• RECORDS TO PROCESS:
↓↓↓
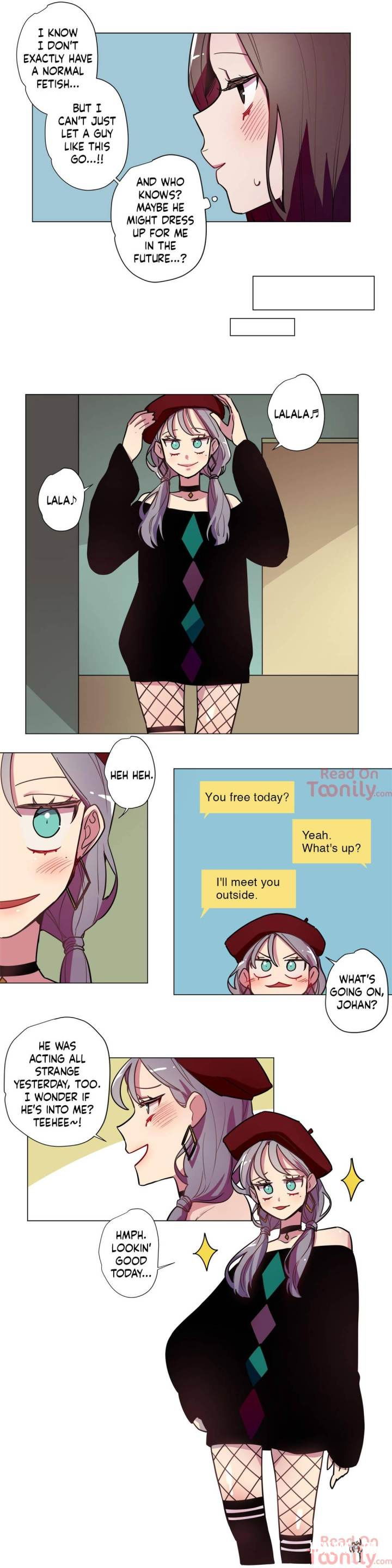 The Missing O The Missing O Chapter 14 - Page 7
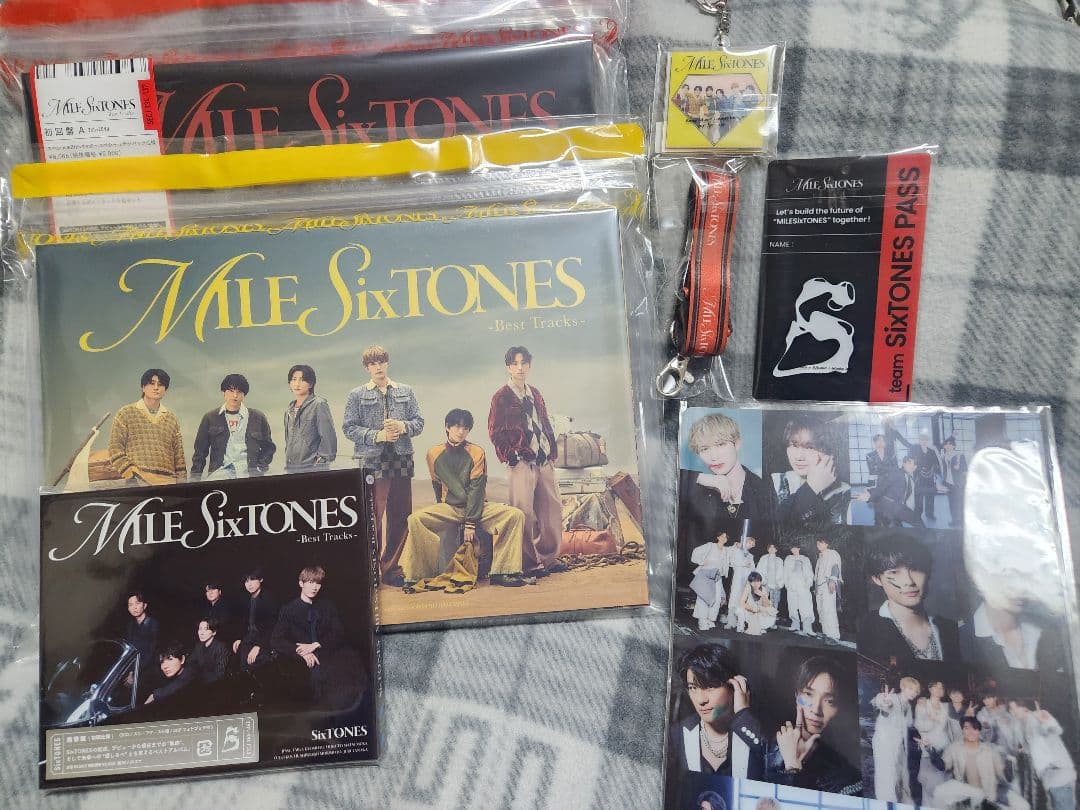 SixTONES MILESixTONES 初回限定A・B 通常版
↑↑↑
↓↓↓
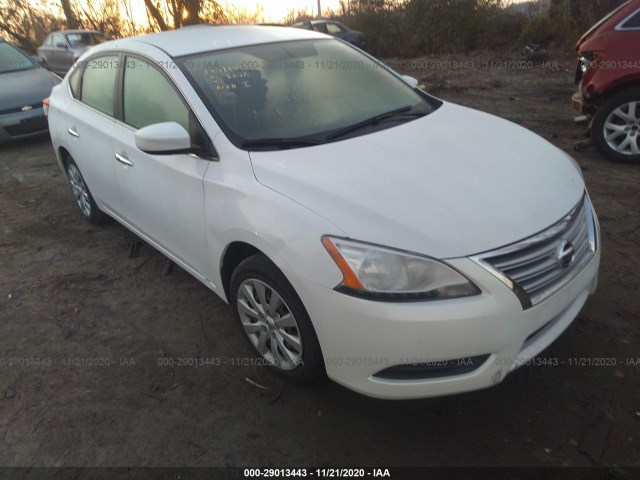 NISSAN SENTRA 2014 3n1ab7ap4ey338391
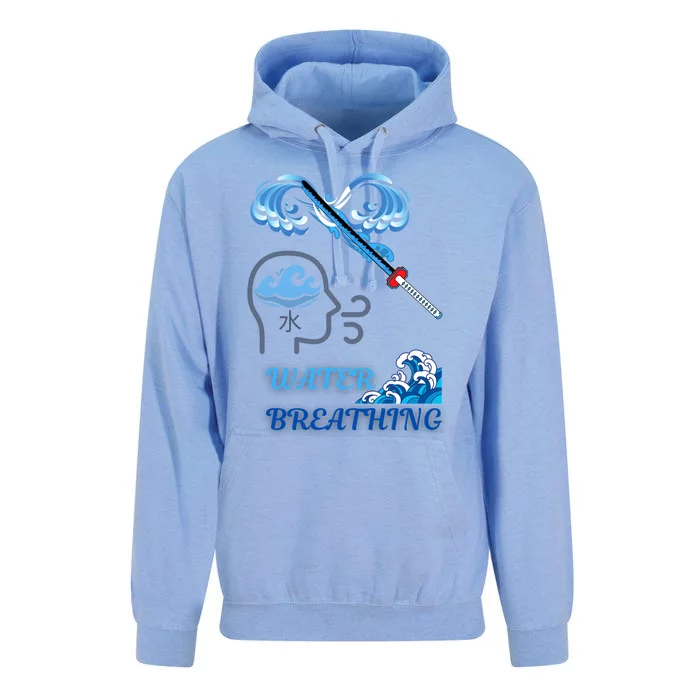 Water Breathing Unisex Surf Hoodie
↑↑↑
Using the listing above, reproduce word for word every line from the one containing "The Missing O The" through the one containing "SixTONES MILESixTONES 初回限定A・B 通常版". Pictures must be left out.

 The Missing O The Missing O Chapter 14 - Page 7
 SixTONES MILESixTONES 初回限定A・B 通常版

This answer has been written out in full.